Some of them can already listen and talk – though these use third-party extensions to add the functionality, and OpenAI's own integrated technology should (potentially) provide a much smoother experience.
But having real-time, AI-powered image analysis available to us instantly, wherever we are, could be a real game-changer in many fields.
It does raise some ethical considerations, though. Most pressingly, it’s worth bearing in mind that even though ChatGPT launched with a range of limiters on its behavior that were supposed to prevent it from being used for unethical purposes, these were quickly circumvented and, in some cases, removed entirely.
If this is done with ChatGPT's visual capabilities, the potential ramifications could be even more severe, particularly if unethical actors find a way around the block on facial recognition.
It also wasn’t long after the release of ChatGPT that copycat versions that work just like it but without the limitations started to appear. Sometimes, these were sold by their creators specifically as tools designed to break laws. Could we see the same happen with the visual or voice-mimicking abilities? I think it would be pretty foolish to think that it won’t.
The Quest For Artificial General Intelligence
It's possible that there's something that should be worrying us even more than that, though.
With its latest set of updates, ChatGPT is becoming increasingly multimodal. This means it can understand and interact with various forms of input, like pictures and sounds, rather than just words.
This is important because the aim of AI development is inevitably artificial general intelligence (AGI). This is a term for machines that can perform any task as long as they have the necessary data, much like we as humans can. Becoming multimodal could easily be described as taking a big step towards this.
It’s still probably safe to say AGI is a way off. Google engineering director Ray Kurzweil has estimated we’ll get there around 2045, and DeepMind CEO Demis Hassabis also believes it will be done in the next few decades.

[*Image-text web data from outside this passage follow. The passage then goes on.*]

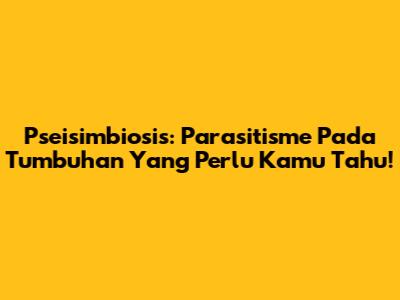 Pseisimbiosis: Parasitisme Pada Tumbuhan Yang Perlu Kamu Tahu!
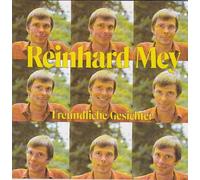 Reinhard Mey - Freundliche Gesichter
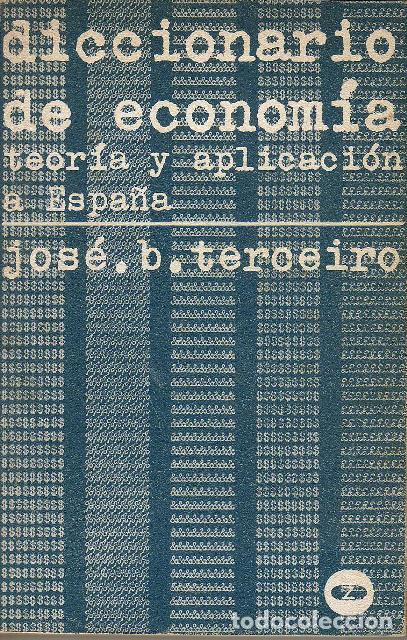 Libri di seconda mano: TERCEIRO, Jos&eacute; B.- - Diccionario de econom&iacute;a. Teor&iacute;a y aplicaci&oacute;n a Espa&ntilde;a.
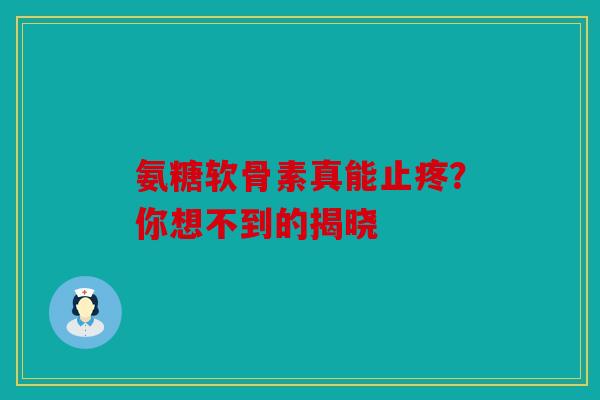 氨糖软骨素真能止疼？你想不到的揭晓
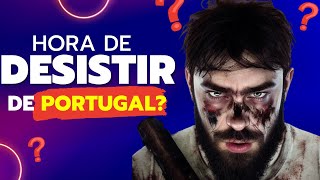 TODOS ESTÃO DESISTINDO DE PORTUGAL [upl. by Erbes]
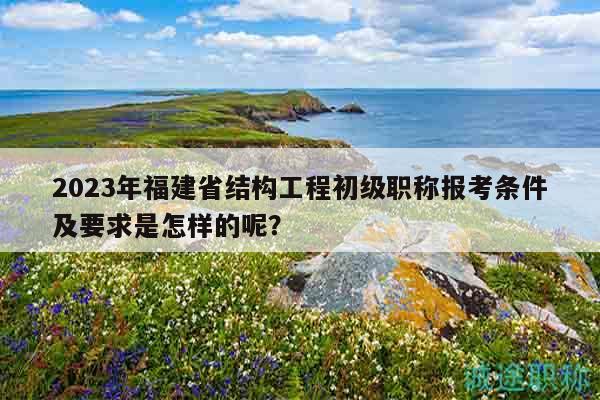 2023年福建省结构工程初级职称报考条件及要求是怎样的呢？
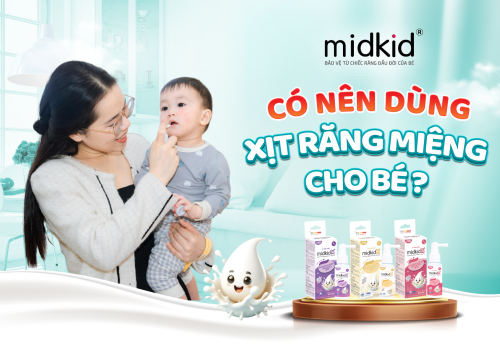 Có Nên Dùng Xịt Răng Miệng Cho Bé? Những Điều Ba Mẹ Cần Biết Trước Khi Quyết Định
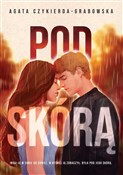 Polnische buch : Pod skórą - Czykierda-Grabowska Agata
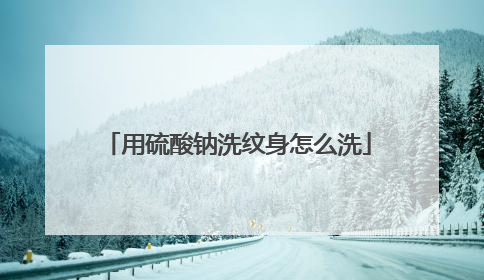 用硫酸钠洗纹身怎么洗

Philosopher Nick Bostrom, however, believes “superintelligence” will arrive early in the next century. AI pioneer and founder of the Center for Human Compatible AI, Professor Stuart Russell, says it's still some way off, and there are major problems we can't yet solve.

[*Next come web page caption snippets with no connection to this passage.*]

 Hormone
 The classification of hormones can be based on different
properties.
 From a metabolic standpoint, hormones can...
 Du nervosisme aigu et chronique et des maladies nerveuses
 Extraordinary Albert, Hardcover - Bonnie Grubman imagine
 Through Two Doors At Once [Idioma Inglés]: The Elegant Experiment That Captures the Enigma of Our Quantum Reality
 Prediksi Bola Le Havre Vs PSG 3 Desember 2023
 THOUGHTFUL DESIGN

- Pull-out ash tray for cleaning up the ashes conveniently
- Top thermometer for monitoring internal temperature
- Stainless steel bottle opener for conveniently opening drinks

When it does arrive, AGI is likely to have a pretty enormous impact. On the question of whether it will lead to us living lives of luxury while machines create everything we need or a far darker fate, opinion remains divided.
So What Now?
For better or worse, governments or those in a position to make the decisions don’t seem to have heeded the advice of those who signed the Pause Giant AI Experiments petition.

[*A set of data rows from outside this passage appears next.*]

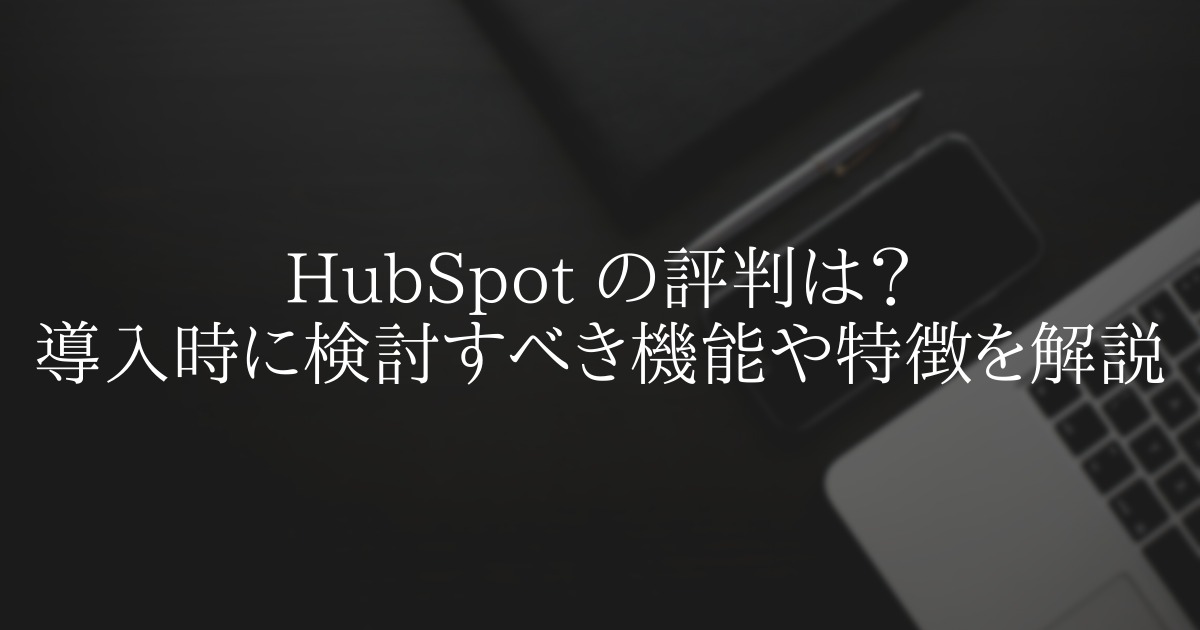 HubSpot の評判は?導入時に検討すべき機能や特徴を解説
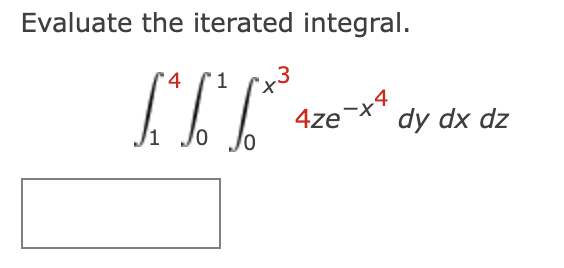 Solved Evaluate The Iterated Integral ∫14∫01∫0x34ze X4dydxdz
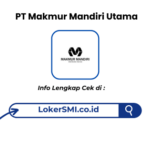 Lowongan Kerja PT Makmur Mandiri Utama Sukabumi Terbaru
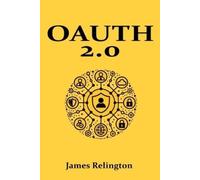 James Relington OAuth 2.0 (Tascabile) Identity in Cybersecurity
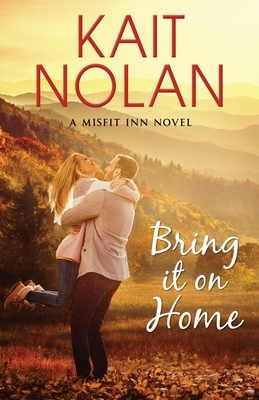 Bring It On Home by Kait Nolan
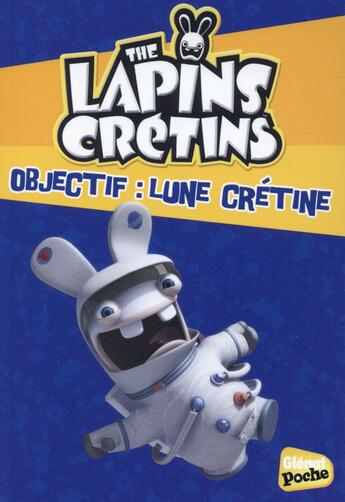 Couverture du livre « The Lapins Crétins Tome 11 » de Fabrice Ravier aux éditions Glenat Jeunesse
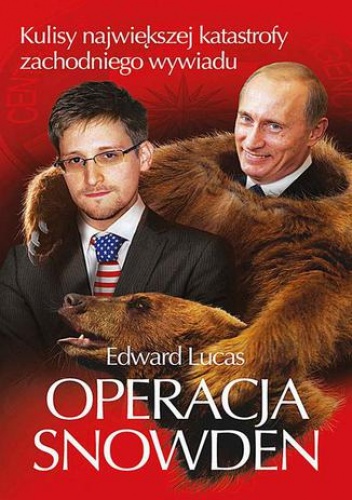 Operacja Snowden - Edward Lucas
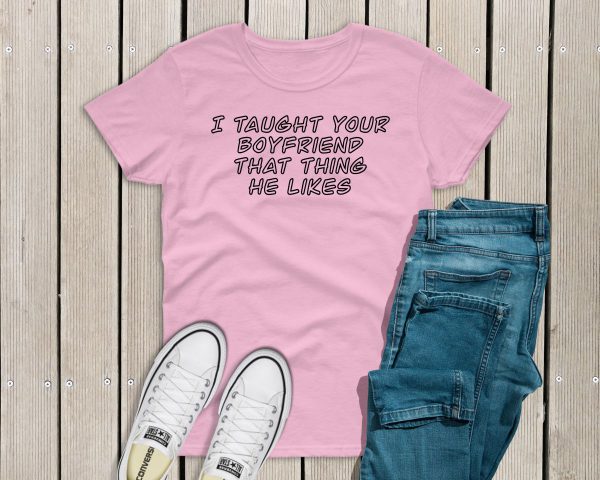 I taught your boyfriend t-shirt pink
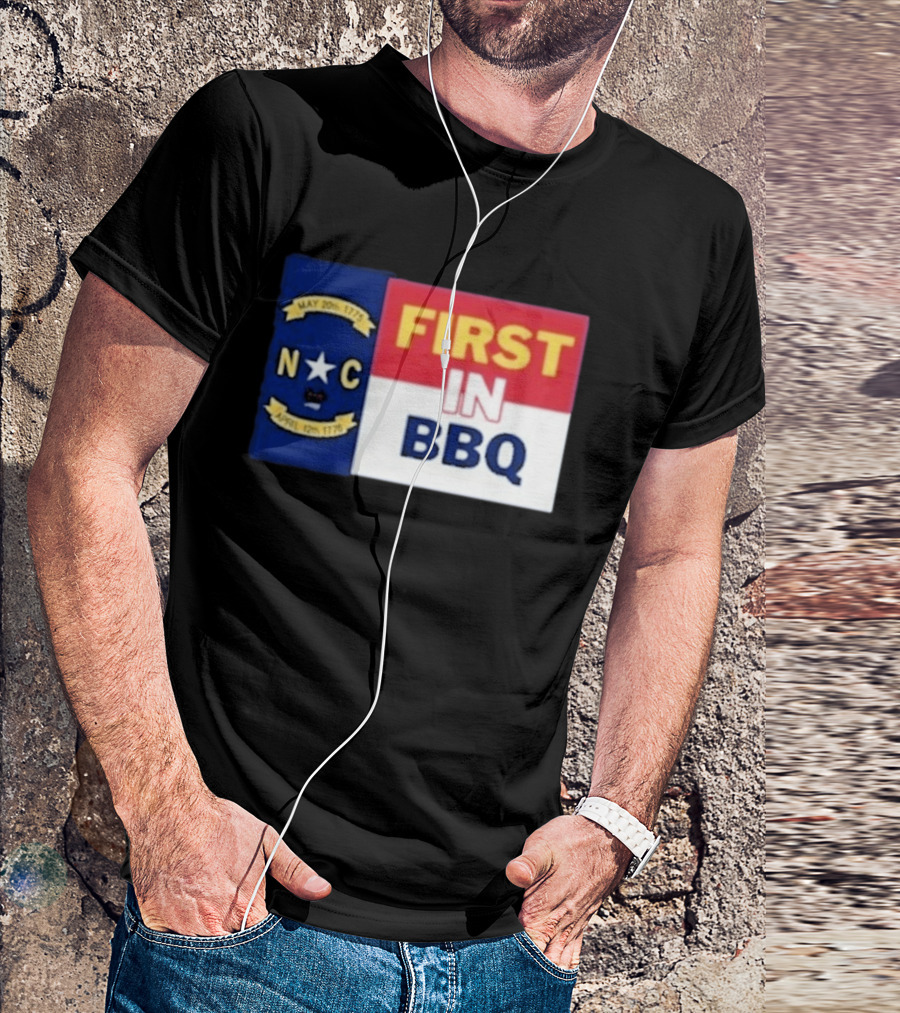 North Carolina May 20th 1775 April 12th 1776 First In BBQ T-Shirt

This means that we’re likely to see the development of AI continue and accelerate. Functionality like that added by ChatGPT will become an everyday part of life. It will also become more reliable, more powerful and offer a continually improving user experience. This means more applications and devices with the technology built-in and an ever-growing list of social and industrial use cases.
ChatGPT can see and hear now, so I don’t think it will be long before someone will work out how to make it touch, smell and taste. Then, it will be equipped with all the same sensory functions we have and, in theory, capable of fully understanding the way we perceive our environment.
This will give it the potential to help us unearth a great many insights - information about the world and our interaction with it that lies beyond the reach of our organic brains. And it will give us that information in ways it knows we can use due to its understanding of our own faculties.
With AI, we’re on a journey where the destination is far from certain. But advances like those made by ChatGPT in the (less than) year since it was launched make two things clear: We’re gathering speed, and we can only guess what surprise will be around the next corner.